Easter Bread recipe is just what you need this upcoming Easter. It is made of very flavorful, moist, buttery, lightly sweetened brioche, that’s studded with beautiful morsels of white chocolate and rum-soaked dried berries. You can eat it as is with coffee or tea for breakfast, or use it for the best tasting French toast.
A mix between Italian Panettone and French Brioche, this Paska is a traditional Russian Easter Bread. I hope you give it a try and fall in love with this delicious Easter tradition just like our family has!
What is Paska?
Paska is what many Ukrainians and other Eastern Europeans call their Easter Bread. In Russia, they call it Kulich. Typical Paska Easter Bread is made with eggs, flour, sugar and lots of butter and is similar to Italian Panettone. When this dessert bread is made properly it will be light and fluffy, but still somewhat moist. There are many recipes for Paska, but one requirement that they all have is for the bread to be tall. To achieve the height, Ukrainians use tall lined coffee cans or other smaller sized cans for baking tall Paskas. Then, the bread is topped with thick white powdered sugar glaze and sprinkled with sprinkles.
The perfect Easter Bread
Not many people have the time to test the recipe dozens of times, just to make sure it’s perfect, but I have! I’m super excited for you to try a truly amazing Paska recipe since it is indeed perfect. This Easter Bread is made with lots of butter, which keeps the bread from going hard and stale for more than a week!
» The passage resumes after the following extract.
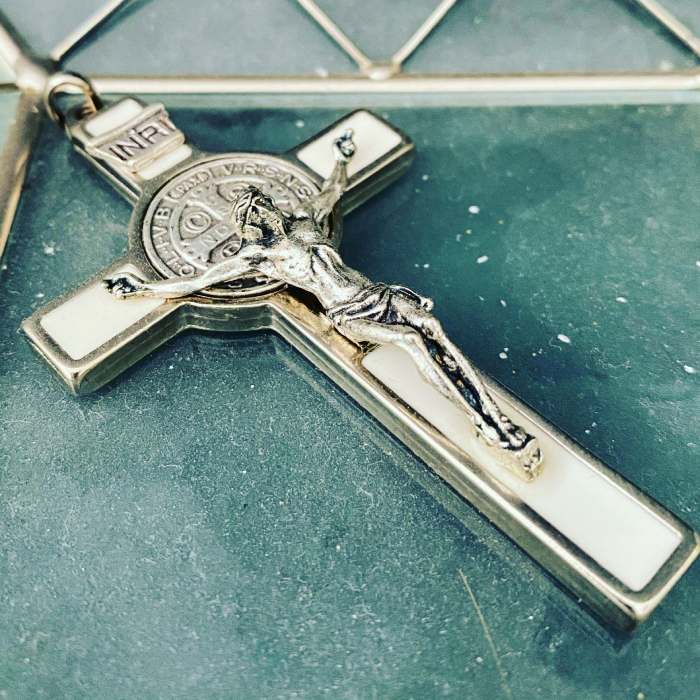 silver key on blue textile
Soaking the dried fruits for several days before using them in the Easter Bread allows them to plump up and fill with rum or water. Then, once they’re baked in the bread they continue to give off moisture into the bread, preventing the bread itself from drying out.
This Easter Bread uses a basic brioche bread recipe which I posted about HERE. Go on and read all the tips and tricks on how to get the best results when working with enriched yeast dough.
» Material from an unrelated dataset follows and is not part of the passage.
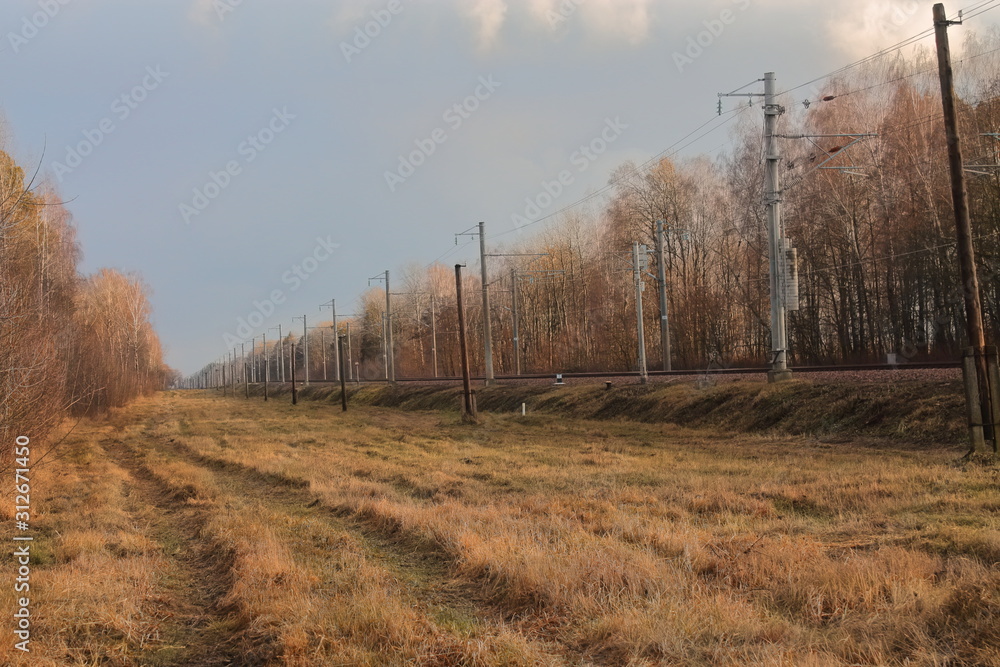autumn rural road along the railway. the road on which rarely goes transport. autumn rural road along the railway. the road on which rarely goes transport.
Tips for Success: Make sure your yeast is active before starting. Starting with yeast that is old or inactive will not produce the needed rise for light and fluffy Paska. If you can, use the Platinum yeast. It’s very forgiving and gives the best rise in baked goods.
Soak your dried fruits well in advance. The fruits that I soaked a week in advance were a lot better hydrated and softer in the bread than the ones I soaked only 1 hour before starting or the ones that were not soaked at all.
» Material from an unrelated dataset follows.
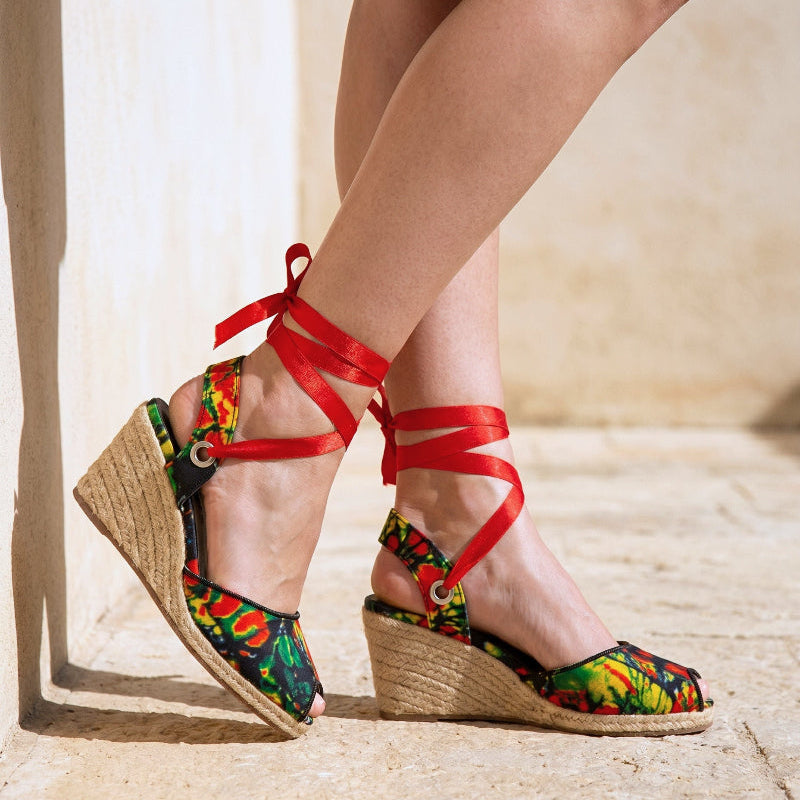 Gaia Wild Flame espadrille wedge heels with red ribbon ankle ties and printed canvas on a neutral background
Use European butter if possible. European butter has higher butterfat content, so it enhances the bread with better butter flavor. If not available, don’t fret and use the butter you typically buy.
Bake in tall paper molds for superior results. This Easter bread uses a very high hydration dough. This means that when it comes out of the oven it is very, very tender and soft. When you bake it in a metal pan, you need to unmold the bread immediately to prevent sogginess. Doing this can cause the bread to lean to the side, or collapse from the weight of the tallness (is that a word?) of the bread. When you bake the Easter Bread in a paper mold, it allows the bread to cool down in the mold keeping the structural integrity of the bread, without getting soggy. This is more important if you want to bake a tall Paska, than if you bake the minis.
Ingredients for the Easter Bread:
This recipe uses typical Brioche Bread ingredients, such as eggs, butter, flour, sugar, and yeast. If using add-ins, choose your favorite dried fruits and decide if you want to use just one kind of several.
Traditionally Paska is made with raisins, but I add white chocolate chips for extra sweetness and flavor, as well as dried cranberries, dried blueberries, and orange zest.
How to make Easter Bread:
Start by pre-soaking the dried fruits. You can do this even up to a couple of weeks, or months in advance. Then, drain and paper towel dry. Start by making the brioche dough. Add all wet ingredients including sugar, top with flour and yeast. Knead until smooth and elastic, then add butter and salt and knead those in too.
Lastly, add the dried fruits and knead them in. For best results, cover and refrigerate the dough for at least 4 hours or up to 2 days. then, The dough will proof/rise slightly but not too much. Remove from the fridge, shape the dough and place it into molds. If using cans for molds, line them with parchment paper. Molds should be filled halfway with dough. Once doubled in size, brush the tops with egg yolks.
Molds to use: Choose one option for 1 portion of the dough
One 7.5 inch mold
Two 5 inch round molds, or three 30 oz cans with both bottom and top removed, then lined with parchment paper.
For easier removal of the Easter Bread from the paper/carton molds, you can spray the inside with the non-stick spray.
Once baked, allow to cool completely. If you baked in the cans, remove from the can immediately and allow cooling on a rack. While the bread is cooling, make the powdered sugar glaze / Royal Icing glaze. Then, dip the top of each Paka into the whipped powdered sugar and sprinkle with sprinkles right away. If you wish to have drizzles, fill a pastry bag and draw the drizzles out by going up and down where you want the drizzles to be.
You can store the Easter Bread under a cake dome or in a closed container to prevent drying out. You can also freeze it, wrapping it tightly with plastic wrap for up to a month. If freezing, do not top with glaze until after defrosted.